Columbia to Start Construction of New Nursing School

Columbia University announced plans to build a new home for the Columbia University School of Nursing, the oldest nursing school in the nation. The new seven-story building will be located on an existing parking lot at the corner of West 168th Street and Audubon Avenue, at the east end of the Medical Center campus. Construction on the 68,000-square-foot building will begin in late 2014.

The soaring lobby will be clad in transparent glass, offering passersby clear views in to a set of scissoring, staircases that extend upward to the seventh floor, where there is a green-roofed terrace.

The terrace flows into a penthouse that contains a student lounge and an informal event space.

The new building will provide space for research, a sunlit atrium and two-floor medical simulation center. The building will also have a café, rooftop terrace and event space.

The architecture firm FXFOWLE won the project in a competition.
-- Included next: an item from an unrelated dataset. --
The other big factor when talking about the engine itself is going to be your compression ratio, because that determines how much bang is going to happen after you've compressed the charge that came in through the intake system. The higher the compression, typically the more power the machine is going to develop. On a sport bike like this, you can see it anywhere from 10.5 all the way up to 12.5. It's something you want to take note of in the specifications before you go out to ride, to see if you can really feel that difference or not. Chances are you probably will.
The university requested a three-story building of 65,000 square feet for the site, however, a taller, skinnier building was proposed that would leave half the site for future development, while resulting in a lower-cost, more efficient construction. The project will seek LEED Silver certification.
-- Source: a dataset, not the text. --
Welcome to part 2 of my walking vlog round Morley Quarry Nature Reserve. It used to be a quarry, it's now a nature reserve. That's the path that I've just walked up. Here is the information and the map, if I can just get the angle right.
"Future leaders in nursing require technology and facilities that enable them to learn and master the skills that are needed every day in clinical practice and research," said Dr. Lee Goldman, Vice President for Health and Biomedical Sciences.

The simulation center will include model health care settings like a mock in-patient room, exam room, critical care unit, and an operating room.

See Columbia Schoolof Nursing-Building the Future.pdf

Three clinical teaching labs will have six beds and 14 exam tables where students can practice their skills on lifelike mannequins.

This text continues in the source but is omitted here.